Après Shinohara, Inoue Kōsei, Suzuki Keiji, et Ishii Satoshi assurèrent la relève dans la catégorie des poids lourds. Inoue remporta la médaille d'or à Sidney dans celle des cent kilos, tandis que Suzuki et Ishii l'obtinrent pour celle des plus de cent kilos, respectivement aux Jeux olympiques d'Athènes en 2004 et de Pékin en 2008, mais aujourd'hui, à la veille des Jeux de Londres, le Japon n'a pas dans cette catégorie de judoka dominant.

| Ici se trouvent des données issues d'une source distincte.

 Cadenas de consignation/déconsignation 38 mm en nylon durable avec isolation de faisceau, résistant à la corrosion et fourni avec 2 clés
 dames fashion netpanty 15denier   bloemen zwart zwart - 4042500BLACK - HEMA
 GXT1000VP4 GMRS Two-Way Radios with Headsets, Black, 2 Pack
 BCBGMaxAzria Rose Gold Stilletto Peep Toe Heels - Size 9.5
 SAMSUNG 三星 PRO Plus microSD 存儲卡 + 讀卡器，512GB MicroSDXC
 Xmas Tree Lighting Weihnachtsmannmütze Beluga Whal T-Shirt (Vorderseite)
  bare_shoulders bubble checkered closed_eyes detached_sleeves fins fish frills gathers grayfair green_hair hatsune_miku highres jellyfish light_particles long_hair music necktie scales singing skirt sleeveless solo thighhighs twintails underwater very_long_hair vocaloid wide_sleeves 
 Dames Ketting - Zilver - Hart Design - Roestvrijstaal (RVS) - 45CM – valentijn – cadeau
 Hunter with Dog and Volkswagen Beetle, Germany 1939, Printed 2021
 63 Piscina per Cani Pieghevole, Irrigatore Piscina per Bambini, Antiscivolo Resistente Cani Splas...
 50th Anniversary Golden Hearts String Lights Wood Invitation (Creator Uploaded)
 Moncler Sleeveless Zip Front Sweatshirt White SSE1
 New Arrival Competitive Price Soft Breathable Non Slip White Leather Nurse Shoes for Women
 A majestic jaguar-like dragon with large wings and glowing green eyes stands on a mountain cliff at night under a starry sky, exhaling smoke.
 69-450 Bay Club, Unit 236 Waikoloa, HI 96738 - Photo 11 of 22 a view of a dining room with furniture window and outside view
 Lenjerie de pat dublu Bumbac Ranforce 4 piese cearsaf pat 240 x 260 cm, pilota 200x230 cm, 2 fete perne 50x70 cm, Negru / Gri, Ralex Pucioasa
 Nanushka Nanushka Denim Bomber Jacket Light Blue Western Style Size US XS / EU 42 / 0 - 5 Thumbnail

Le Japon doit agrandir son vivier de judokas et améliorer leur qualité
A compter de cette année scolaire (elle commence en avril au Japon), les collégiens japonais ont une nouvelle matière obligatoire au programme, le budō (les arts martiaux), discipline au sein de laquelle figure le judo. Elle vise à cultiver un esprit de compréhension mutuelle et de transmission de la culture traditionnelle, puisque, selon le ministère de l'Éducation, de la culture, des sports, des sciences et de la technologie, « le budō est un élément de la culture propre à notre pays », et « les entraînements et les combats doivent permettre de comprendre la pensée traditionnelle du budō, et d'apprendre à respecter son adversaire », mais au même moment des voix s'élèvent pour souligner le manque de professeurs capables d'enseigner le judo et s'interroger sur les conditions dans lesquelles se fera cet enseignement dans le programme d'éducation physique et sportive. Tel est le contexte dans lequel la All Japan Judo Federation a décidé de lancer à partir de l'an prochain un nouveau système de certification pour les instructeurs de judo. Actuellement, toute personne âgée de plus de vingt ans titulaire d'un dan peut enseigner, mais le nouveau système crée trois niveaux d'instructeurs, de A, pour les personnes ayant au moins le cinquième dan, à C, pour les titulaires du troisième dan au minimum.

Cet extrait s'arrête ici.